The problem with this solution is one of coordination. At any given moment the app needs to be able to “find” a file so it can give the client a link to download the file from one of the servers that it’s on. Full-filling this simple requirement means that all datastores/caches where information about where a file lives need to be up-to-date at all times, and even then there are race-conditions and network failures to contend with, while at all times the requirements of the app evolve and change.

A simpler solution

Let’s say you want all files which get uploaded to be replicated in triplicate in some capacity. You buy three identical hard-disks, and put each on a separate server. As files get uploaded by clients, each file gets put on each drive immediately. When the drives are filled (which should be at around the same time), you stop uploading to them.

That was generation 0.

You buy three more drives, and start putting all files on them instead. This is going to be generation 1. Repeat until you run out of money.

That’s it.

That’s it?

It seems simple and obvious, and maybe it’s the standard thing which is done, but as far as I can tell no-one has written about it (though I’m probably not searching for the right thing, let me know if this is the case!).


  • It’s so simple to implement, you could probably do it in a day if you’re starting a project from scratch

  • By definition of the scheme all files are replicated in multiple places.

  • Minimal information about where a file “is” needs to be stored. When a file is uploaded all that’s needed is to know what generation it is in, and then what nodes/drives are in that generation. If the file’s name is generated server-side, then the file’s generation could be part of its name, making lookup even faster.

  • Drives don’t need to “know” about each other. What I mean by this is that whatever is running as the receive point for file-uploads on each drive doesn’t have to coordinate with its siblings running on the other drives in the generation. In fact it doesn’t need to coordinate with anyone. You could literally rsync files onto your drives if you wanted to. I would recommend using marlin though :)

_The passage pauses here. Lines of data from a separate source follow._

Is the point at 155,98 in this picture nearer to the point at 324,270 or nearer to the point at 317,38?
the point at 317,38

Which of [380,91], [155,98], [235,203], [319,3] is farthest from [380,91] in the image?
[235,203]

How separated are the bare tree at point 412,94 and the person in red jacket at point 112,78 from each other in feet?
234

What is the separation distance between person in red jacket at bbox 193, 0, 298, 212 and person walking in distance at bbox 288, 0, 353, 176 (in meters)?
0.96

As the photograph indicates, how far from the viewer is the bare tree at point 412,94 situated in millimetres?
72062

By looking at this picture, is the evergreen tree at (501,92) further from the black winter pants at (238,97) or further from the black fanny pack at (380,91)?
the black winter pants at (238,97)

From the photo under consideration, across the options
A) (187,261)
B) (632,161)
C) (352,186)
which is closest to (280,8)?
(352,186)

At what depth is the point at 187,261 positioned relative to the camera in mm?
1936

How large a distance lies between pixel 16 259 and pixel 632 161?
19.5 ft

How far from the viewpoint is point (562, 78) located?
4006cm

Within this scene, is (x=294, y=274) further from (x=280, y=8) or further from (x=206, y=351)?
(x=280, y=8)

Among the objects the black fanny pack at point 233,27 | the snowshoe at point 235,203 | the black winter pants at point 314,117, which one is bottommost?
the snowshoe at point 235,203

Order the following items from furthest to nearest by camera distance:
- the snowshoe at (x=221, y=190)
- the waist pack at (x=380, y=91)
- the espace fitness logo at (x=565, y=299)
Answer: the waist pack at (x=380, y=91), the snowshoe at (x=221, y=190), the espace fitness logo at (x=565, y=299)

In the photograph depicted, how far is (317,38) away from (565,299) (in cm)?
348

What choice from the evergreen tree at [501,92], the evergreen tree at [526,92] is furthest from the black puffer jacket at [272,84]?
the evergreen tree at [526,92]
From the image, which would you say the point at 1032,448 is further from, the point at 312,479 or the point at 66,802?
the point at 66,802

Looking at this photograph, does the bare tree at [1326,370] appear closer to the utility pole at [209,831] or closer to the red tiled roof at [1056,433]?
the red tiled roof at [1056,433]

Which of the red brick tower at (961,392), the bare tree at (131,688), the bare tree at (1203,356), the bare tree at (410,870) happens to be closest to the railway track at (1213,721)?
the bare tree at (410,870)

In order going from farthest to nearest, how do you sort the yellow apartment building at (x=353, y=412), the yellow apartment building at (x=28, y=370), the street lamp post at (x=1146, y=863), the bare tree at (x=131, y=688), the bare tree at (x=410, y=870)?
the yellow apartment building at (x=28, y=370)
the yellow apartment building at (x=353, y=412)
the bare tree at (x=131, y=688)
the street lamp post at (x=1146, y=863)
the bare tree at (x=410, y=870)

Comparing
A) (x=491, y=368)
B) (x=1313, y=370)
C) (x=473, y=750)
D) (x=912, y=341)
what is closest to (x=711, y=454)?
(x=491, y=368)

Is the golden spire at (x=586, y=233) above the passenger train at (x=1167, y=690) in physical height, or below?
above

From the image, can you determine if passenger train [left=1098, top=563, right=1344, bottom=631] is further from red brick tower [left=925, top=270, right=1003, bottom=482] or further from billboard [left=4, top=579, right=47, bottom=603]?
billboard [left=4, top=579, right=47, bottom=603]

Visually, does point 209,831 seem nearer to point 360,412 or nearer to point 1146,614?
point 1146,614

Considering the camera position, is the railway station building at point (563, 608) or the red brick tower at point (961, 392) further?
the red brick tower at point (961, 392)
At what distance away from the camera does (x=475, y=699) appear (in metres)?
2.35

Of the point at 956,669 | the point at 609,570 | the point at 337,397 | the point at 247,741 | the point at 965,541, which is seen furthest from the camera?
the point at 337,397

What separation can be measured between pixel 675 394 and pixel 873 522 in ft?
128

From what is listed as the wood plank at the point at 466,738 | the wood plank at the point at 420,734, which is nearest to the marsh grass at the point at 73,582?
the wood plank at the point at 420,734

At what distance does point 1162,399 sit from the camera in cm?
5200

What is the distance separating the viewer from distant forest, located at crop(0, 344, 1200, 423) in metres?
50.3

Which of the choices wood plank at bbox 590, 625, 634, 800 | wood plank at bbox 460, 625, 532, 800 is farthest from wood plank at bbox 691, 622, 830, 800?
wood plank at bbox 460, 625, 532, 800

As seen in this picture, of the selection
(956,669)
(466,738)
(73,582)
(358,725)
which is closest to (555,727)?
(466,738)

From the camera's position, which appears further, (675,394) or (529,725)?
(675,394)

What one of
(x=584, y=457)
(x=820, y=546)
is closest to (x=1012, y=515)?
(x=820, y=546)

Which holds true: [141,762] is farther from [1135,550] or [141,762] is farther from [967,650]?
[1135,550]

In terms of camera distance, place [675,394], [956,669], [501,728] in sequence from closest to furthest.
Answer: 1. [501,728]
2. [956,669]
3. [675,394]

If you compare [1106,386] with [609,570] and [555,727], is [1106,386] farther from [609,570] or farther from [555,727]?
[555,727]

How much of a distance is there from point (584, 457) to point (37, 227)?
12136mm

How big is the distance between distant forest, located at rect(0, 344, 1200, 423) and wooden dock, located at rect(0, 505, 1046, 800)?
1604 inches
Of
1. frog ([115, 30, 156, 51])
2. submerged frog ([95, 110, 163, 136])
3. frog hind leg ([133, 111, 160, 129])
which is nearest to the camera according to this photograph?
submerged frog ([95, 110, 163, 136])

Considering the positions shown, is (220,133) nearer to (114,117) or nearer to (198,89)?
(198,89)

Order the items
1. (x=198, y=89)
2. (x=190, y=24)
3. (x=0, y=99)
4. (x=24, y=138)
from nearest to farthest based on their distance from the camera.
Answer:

  • Scaling is easy. When you run out of space you can simply start a new generation. If you don’t like playing that close to the chest there’s nothing to say you can’t have two generations active at the same time.

  • Upgrading is easy. As long as a generation is not marked-for-upload, you can easily copy all files in the generation into a new set of bigger, badder drives, add those drives into the generation in your code, remove the old ones, then mark the generation as uploadable again.

  • Distribution is easy. You just copy a generation’s files onto a new drive in Europe or wherever you’re getting an uptick in traffic from and you’re good to go.

  • Management is easy. It’s trivial to find out how many times a file has been replicated, or how many countries it’s in, or what hardware it’s being served from (given you have easy access to information about specific drives).


The big caveat here is that this is just an idea. It has NOT been tested in production. But we have enough faith in it that we’re going to give it a shot at I’ll keep this page updated.

The second caveat is that this scheme does not inherently support caching. If a file suddenly becomes super popular the world over your hard-disks might not be able to keep up, and it’s probably not feasible to have an FIO drive in every generation. I think that groupcache may be the answer to this problem, assuming your files are reasonably small, but again I haven’t tested it yet.